▶ _Your task_
Only the lines from the one with "Shutter Poster 4" to the end of the listing below should be set down, exactly as written and without any pictures.

▶ _Dataset content_
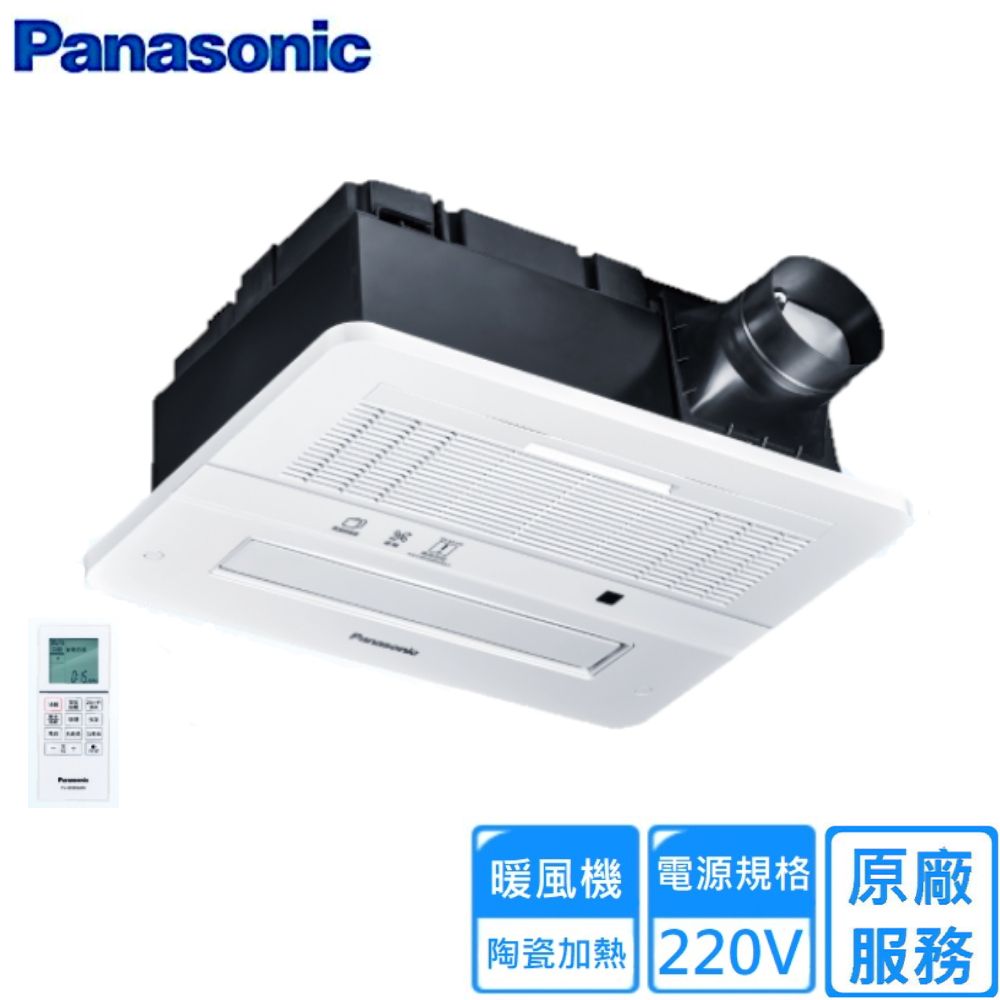 Panasonic 國際牌 FV40BE4W陶瓷加熱 浴室乾燥暖風機(無線遙控220V)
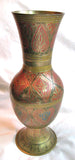 VINTAGE Floral Flowers ETCHED ETCHING ENGRAVE ENGRAVED ENGRAVING Design METAL Gold BRASS FLOWER VASE Home Decors Decorations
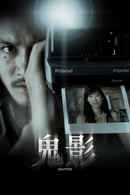 Shutter Poster 4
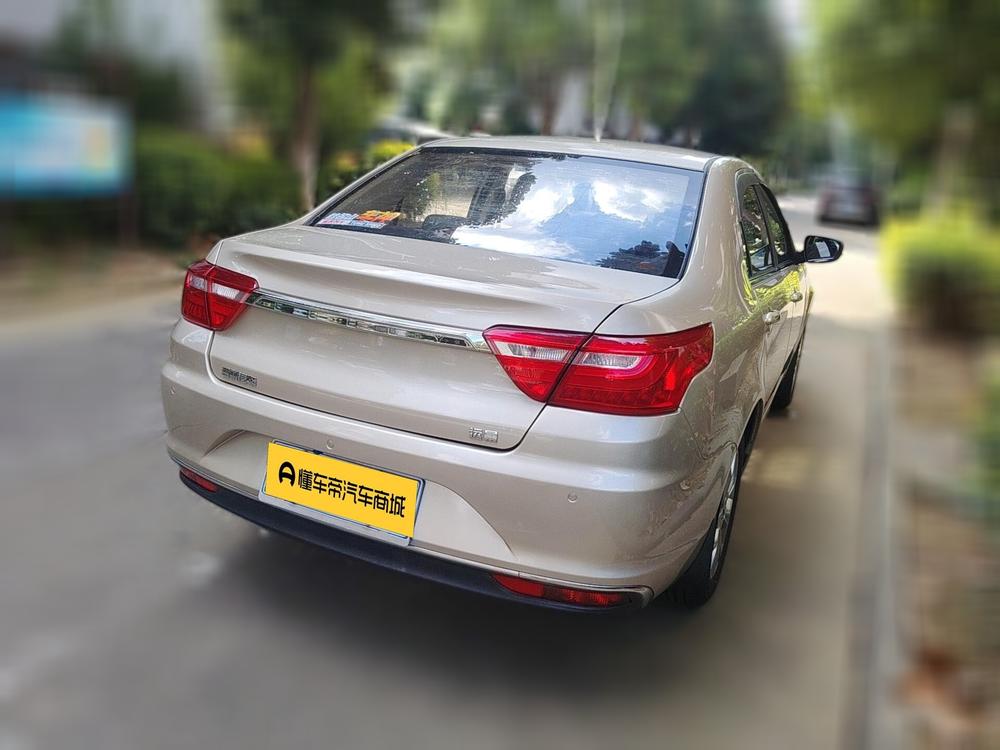 Geely Vision 2018 1.5L Automatic Happy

▶ _Reply_
 Shutter Poster 4
 Geely Vision 2018 1.5L Automatic Happy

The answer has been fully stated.